Apart from the pictures, everything in the lines below must be printed exactly.

** Opening Data below block **

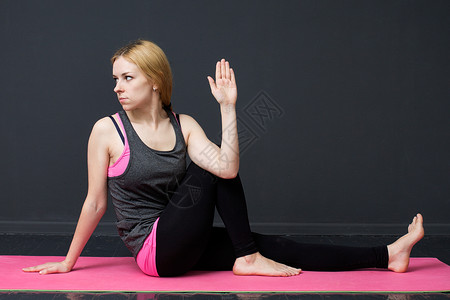 瑜伽健身体扭曲年轻女正在做对垫子和灰色背图片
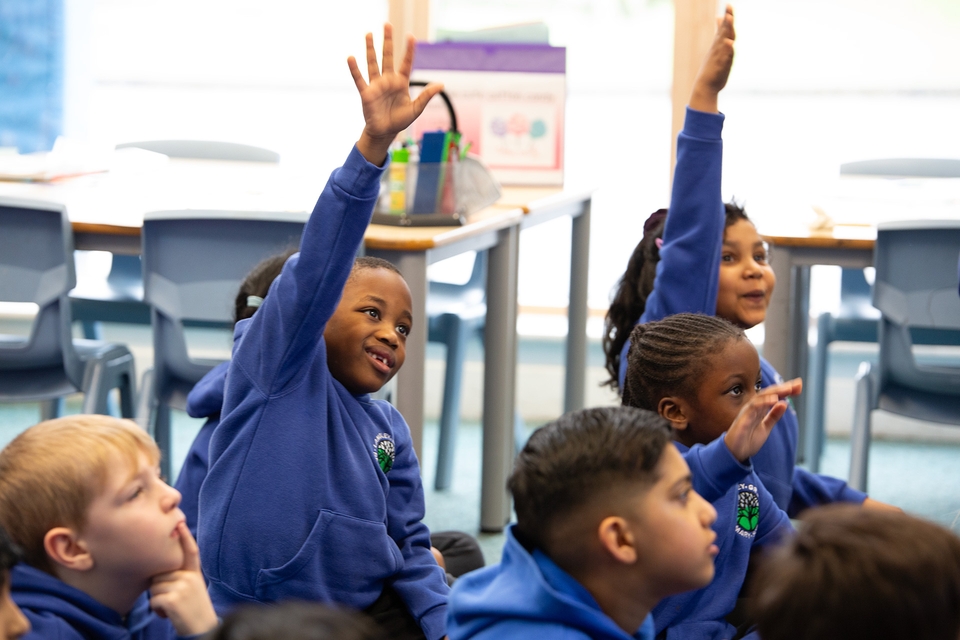 Enthusiastic students in blue uniforms raising hands, engaged in classroom learning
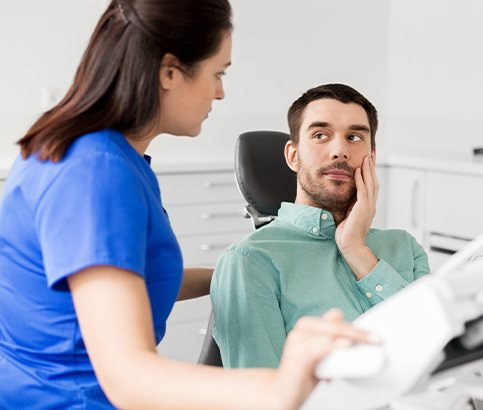 Man holding cheek during emergency dentistry visit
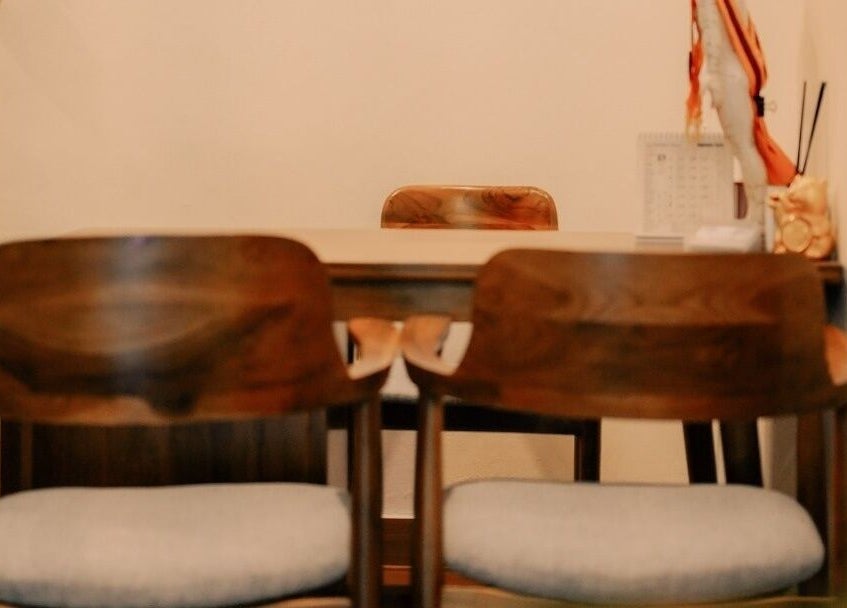 Cozy consultation room at Acupuncture Bali, Nusa Dua, featuring elegant wooden chairs. Located in Bali, Bali, ID.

** Closing Data below block **

▶ _Task answer_
 瑜伽健身体扭曲年轻女正在做对垫子和灰色背图片
 Enthusiastic students in blue uniforms raising hands, engaged in classroom learning
 Man holding cheek during emergency dentistry visit
 Cozy consultation room at Acupuncture Bali, Nusa Dua, featuring elegant wooden chairs. Located in Bali, Bali, ID.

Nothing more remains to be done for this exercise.